* Activity: Search the data for the word "atas" and copy every line where it occurs.

━━━━━━━━━━

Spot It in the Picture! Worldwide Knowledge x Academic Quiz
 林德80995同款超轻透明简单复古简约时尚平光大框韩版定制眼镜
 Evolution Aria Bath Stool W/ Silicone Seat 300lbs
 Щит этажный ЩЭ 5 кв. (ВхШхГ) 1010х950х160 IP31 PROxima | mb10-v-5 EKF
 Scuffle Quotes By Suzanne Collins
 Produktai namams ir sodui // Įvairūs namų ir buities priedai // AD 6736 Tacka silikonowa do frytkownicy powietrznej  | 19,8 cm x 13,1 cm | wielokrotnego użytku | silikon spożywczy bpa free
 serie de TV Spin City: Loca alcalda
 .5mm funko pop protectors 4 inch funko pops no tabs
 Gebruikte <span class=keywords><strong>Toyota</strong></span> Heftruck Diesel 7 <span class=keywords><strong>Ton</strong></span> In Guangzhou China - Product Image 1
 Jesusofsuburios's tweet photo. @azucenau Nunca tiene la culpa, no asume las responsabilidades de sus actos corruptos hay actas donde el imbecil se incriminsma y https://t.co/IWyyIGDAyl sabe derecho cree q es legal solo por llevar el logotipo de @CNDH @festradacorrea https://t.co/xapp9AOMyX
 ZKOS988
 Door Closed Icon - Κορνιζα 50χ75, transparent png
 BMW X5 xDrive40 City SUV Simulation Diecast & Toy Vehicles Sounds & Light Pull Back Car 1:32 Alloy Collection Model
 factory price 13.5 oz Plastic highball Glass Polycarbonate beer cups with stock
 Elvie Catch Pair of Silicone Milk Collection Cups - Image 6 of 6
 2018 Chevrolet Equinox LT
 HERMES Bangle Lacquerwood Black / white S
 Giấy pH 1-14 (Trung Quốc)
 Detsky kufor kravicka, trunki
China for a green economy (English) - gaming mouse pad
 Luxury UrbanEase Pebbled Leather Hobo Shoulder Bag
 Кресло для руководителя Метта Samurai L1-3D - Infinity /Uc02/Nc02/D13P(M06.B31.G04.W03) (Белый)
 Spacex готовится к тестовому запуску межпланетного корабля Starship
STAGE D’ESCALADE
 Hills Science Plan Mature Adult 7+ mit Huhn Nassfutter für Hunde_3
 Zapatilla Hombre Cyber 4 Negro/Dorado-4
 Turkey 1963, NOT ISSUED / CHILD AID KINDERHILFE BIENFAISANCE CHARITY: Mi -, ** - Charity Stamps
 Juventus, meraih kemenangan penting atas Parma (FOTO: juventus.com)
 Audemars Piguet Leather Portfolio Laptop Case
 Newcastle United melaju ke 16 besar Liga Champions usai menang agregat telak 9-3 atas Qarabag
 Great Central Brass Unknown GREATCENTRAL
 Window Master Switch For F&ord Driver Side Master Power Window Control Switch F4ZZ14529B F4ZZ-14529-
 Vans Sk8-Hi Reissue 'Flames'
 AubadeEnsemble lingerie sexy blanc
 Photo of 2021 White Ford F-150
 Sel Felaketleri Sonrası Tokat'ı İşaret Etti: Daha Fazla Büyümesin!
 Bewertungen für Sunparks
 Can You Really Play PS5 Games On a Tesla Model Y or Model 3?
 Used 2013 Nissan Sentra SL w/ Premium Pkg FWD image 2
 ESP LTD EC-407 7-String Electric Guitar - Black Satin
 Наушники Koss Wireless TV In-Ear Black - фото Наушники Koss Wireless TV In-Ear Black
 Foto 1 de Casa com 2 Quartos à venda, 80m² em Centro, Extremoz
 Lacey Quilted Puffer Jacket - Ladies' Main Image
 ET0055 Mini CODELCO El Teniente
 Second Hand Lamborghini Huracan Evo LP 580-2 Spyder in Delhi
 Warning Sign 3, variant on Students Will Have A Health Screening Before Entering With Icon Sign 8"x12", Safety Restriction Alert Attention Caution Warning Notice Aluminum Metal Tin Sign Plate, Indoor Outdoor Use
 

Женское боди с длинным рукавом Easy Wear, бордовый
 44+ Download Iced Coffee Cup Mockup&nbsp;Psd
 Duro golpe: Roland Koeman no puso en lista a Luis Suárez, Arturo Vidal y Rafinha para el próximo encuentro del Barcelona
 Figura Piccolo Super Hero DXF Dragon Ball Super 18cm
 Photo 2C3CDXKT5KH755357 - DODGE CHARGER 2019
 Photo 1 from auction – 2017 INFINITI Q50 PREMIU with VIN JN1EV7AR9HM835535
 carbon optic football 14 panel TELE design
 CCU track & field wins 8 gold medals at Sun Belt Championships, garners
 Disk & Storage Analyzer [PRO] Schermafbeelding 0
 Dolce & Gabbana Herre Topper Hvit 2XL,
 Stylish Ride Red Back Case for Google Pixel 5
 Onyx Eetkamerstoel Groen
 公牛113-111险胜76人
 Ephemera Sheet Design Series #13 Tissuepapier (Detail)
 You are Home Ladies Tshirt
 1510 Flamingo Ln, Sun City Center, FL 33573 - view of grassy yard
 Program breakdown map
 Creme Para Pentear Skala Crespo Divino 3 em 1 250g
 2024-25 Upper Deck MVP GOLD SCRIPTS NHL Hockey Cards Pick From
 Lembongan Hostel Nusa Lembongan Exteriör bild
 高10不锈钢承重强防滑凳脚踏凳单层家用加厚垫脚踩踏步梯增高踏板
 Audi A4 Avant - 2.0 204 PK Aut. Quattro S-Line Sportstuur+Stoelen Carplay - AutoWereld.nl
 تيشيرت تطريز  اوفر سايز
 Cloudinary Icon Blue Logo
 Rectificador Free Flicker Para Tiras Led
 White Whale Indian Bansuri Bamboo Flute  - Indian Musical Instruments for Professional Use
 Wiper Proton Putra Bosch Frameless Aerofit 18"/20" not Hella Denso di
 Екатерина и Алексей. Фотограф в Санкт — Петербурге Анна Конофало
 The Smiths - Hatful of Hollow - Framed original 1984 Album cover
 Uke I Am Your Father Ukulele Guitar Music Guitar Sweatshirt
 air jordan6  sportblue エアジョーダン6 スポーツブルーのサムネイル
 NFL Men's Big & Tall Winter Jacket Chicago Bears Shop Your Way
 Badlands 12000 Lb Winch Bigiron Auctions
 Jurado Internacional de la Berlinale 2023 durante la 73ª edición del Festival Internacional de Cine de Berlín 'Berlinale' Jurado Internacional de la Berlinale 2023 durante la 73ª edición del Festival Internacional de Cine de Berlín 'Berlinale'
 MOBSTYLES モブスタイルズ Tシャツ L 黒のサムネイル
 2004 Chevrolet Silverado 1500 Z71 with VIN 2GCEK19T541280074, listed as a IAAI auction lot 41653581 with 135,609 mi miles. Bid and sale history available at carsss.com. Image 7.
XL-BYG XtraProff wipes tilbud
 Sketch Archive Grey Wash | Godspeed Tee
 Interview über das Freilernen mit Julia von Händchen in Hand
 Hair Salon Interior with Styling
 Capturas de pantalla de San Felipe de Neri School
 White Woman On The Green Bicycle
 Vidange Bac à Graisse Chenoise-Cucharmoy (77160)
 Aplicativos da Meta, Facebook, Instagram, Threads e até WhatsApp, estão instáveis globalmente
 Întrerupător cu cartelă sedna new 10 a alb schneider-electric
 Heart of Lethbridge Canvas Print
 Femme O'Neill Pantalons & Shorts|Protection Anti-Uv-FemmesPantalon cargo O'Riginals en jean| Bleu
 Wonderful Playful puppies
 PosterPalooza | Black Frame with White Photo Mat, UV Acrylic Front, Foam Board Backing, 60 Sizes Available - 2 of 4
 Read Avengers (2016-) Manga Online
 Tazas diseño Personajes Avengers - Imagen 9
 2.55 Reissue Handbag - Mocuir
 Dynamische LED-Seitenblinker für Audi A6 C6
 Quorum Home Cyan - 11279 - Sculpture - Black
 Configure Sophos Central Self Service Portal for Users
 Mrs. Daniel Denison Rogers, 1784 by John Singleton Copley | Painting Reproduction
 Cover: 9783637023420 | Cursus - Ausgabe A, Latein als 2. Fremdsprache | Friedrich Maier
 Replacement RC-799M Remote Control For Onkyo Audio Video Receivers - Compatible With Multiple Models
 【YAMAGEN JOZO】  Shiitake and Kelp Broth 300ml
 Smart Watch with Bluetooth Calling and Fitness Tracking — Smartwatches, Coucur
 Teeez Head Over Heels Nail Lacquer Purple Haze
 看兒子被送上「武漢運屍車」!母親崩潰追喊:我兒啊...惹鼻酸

━━━━━━━━━━

* Solution for this task:
 Juventus, meraih kemenangan penting atas Parma (FOTO: juventus.com)
 Newcastle United melaju ke 16 besar Liga Champions usai menang agregat telak 9-3 atas Qarabag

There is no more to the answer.